Вышел из машины. Ветер, ледяной, промозглый, налетел и одним глотком выпил из тела все живое тепло. Осиновая опушка была продуваема, с металлическим жестоким свечением стволов, словно это были не деревья, а стальные изваяния, уродливые длинные слитки. Земля под ногами была жесткой, в шуршащей, запорошенной снегом листве. Казалось, отсюда навсегда излетела жизнь, умчалась атмосфера, канули птицы, погибли лесные звери. Место, где случилось их недавнее чудо и он ее обнимал, видел откинутое на сиденье бледное, с закрытыми глазами лицо, целовал горячие груди, теперь казалось проклятым. Кто-то жестокий явился на эту опушку, умертвил все живое, поднял и унес перчатку, наложив на это место заклятье. И теперь здесь никогда не распустятся деревья, не вырастет трава, не засвистит лесная птица, и всякий будет стремиться поскорее миновать эту заколдованную Богом опушку.

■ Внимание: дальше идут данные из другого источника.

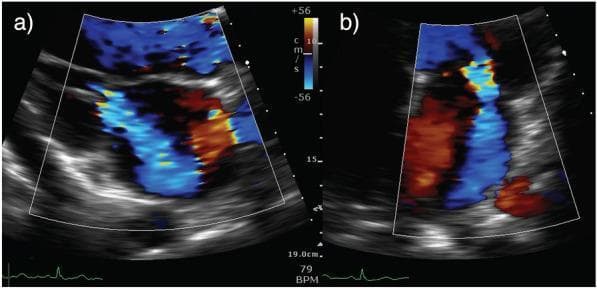 Transthoracic echocardiographic images with color Doppler demonstrating acute on chronic mitral regurgitation (MR). Figure A shows a parasternal long-axis (PLAX) view during systole, highlighting a large, posteriorly directed regurgitant jet originating at the coaptation point of the mitral valve and extending into the left atrium. Figure B displays an apical four-chamber (A4C) view of the same jet. The color Doppler signal is characterized by a mosaic pattern of blue, red, and yellow, indicating high-velocity turbulent flow and significant aliasing. The jet is eccentric, suggesting a specific valvular mechanism such as ischemic tethering of the posterior mitral valve leaflet (PMVL). In both views, the regurgitant volume occupies a significant portion of the left atrial area, supporting the diagnosis of severe mitral regurgitation. The Doppler scale is set at +/- 56 cm/s, and a simultaneous ECG strip at the bottom indicates a heart rate of 79 BPM. This visual is used to teach the identification of jet direction, turbulence, and spatial orientation in secondary mitral valve disease.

Коробейников бродил, ворошил листву. Перчатки не было. Дул ровный железный ветер, металлически стучали проволочные ветки деревьев. И была такая тоска, такая богооставленность, такое непреодолимое горе, что он зарыдал.
40
Он изнывал, но рядом мучился друг, футуролог Шмелев. Звонил ежедневно, вызывал Коробейникова на встречи. Вместе кружили по вечерней Москве среди продрогших улиц, стылых фонарей, кривых переулков, наполненных подводной морской синью, в которой вдруг возникала барочная колокольня, похожая на коралловый, облепленный ракушками риф, или декадентский фасад с круглыми окнами и овальными переплетами, напоминавший затонувший корабль. Шмелев в своей тоске и безумии вываливал на Коробейникова тяжкие груды истерических рассуждений, в которых тема вероломной жены мешалась с дерзким богохульством, пророческие взгляды на будущее перемежались едким нигилизмом. Он напоминал человека, сделавшего себе харакири. Выталкивал из рассеченного чрева бурлящие внутренности, сгустки кишок, скользкие печень и почки. Демонстрировал Коробейникову, и тот, ужасаясь, принимался их обратно заталкивать. Накладывая грубый шов, вкалывал обезболивающее, клал несчастного под капельницу, переливая в него свою кровь, даря свои витальные силы. Шмелев принимал помощь друга, проходил курс лечения. Но потом опять раздирал себе живот, с маниакальным наслаждением вываливал хлюпающие комья прямо на колени Коробейникова. И тот снова принимался исцелять.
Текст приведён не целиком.